→ **Material provided**

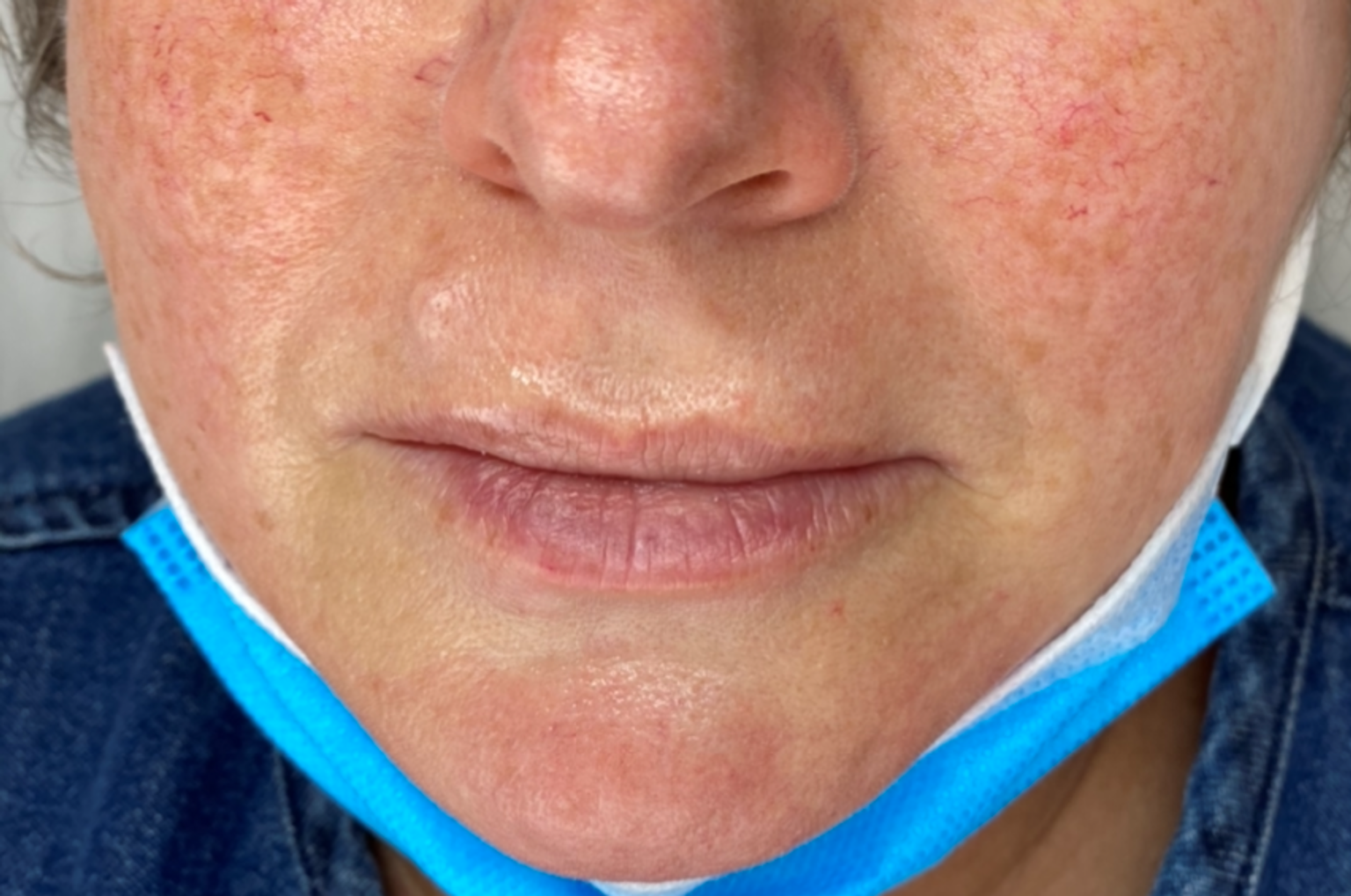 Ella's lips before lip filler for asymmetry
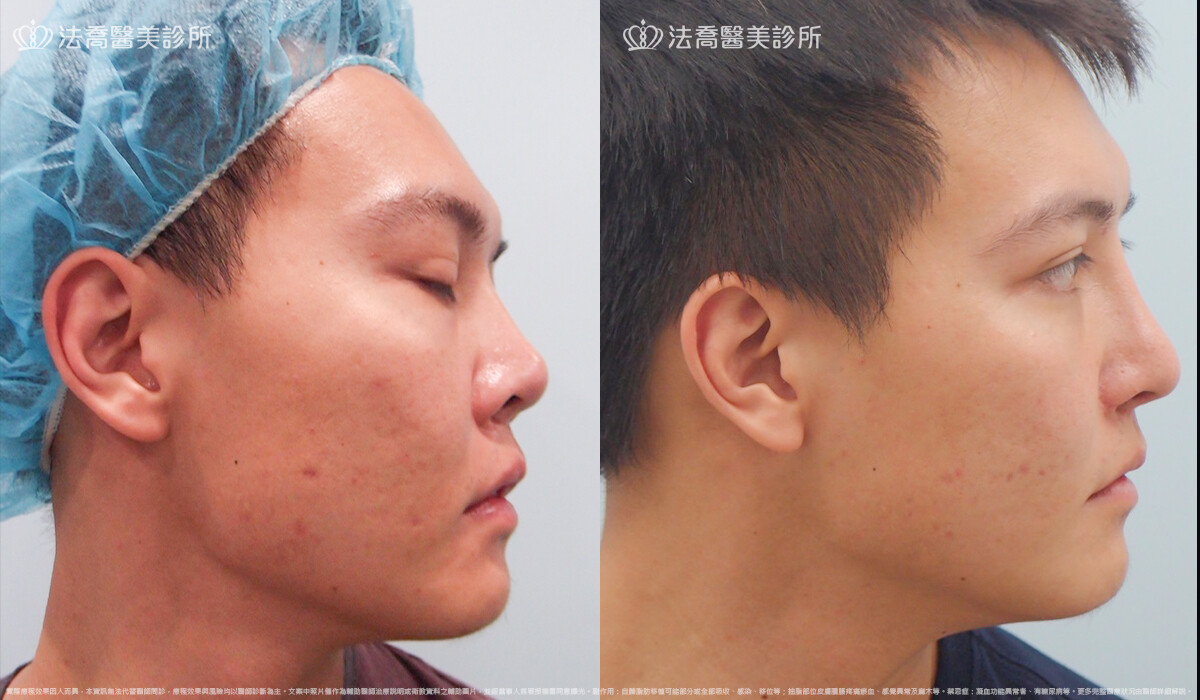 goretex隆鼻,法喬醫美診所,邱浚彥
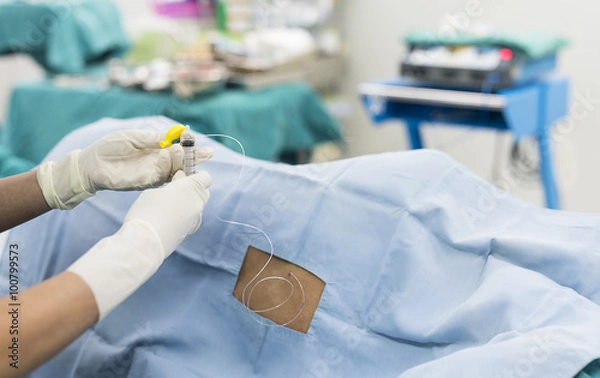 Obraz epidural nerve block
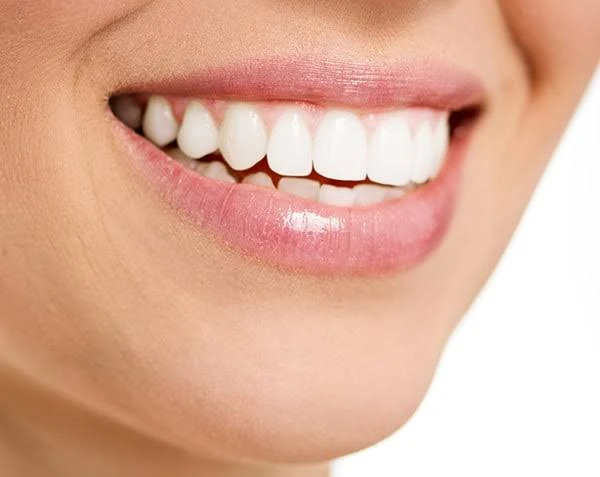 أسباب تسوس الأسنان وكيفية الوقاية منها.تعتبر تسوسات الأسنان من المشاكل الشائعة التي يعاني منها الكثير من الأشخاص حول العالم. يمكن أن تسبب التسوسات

→ **Work to be completed**
Every word of the material above should be copied exactly; no pictures.

→ **Answer to the exercise**
 Ella's lips before lip filler for asymmetry
 goretex隆鼻,法喬醫美診所,邱浚彥
 Obraz epidural nerve block
 أسباب تسوس الأسنان وكيفية الوقاية منها.تعتبر تسوسات الأسنان من المشاكل الشائعة التي يعاني منها الكثير من الأشخاص حول العالم. يمكن أن تسبب التسوسات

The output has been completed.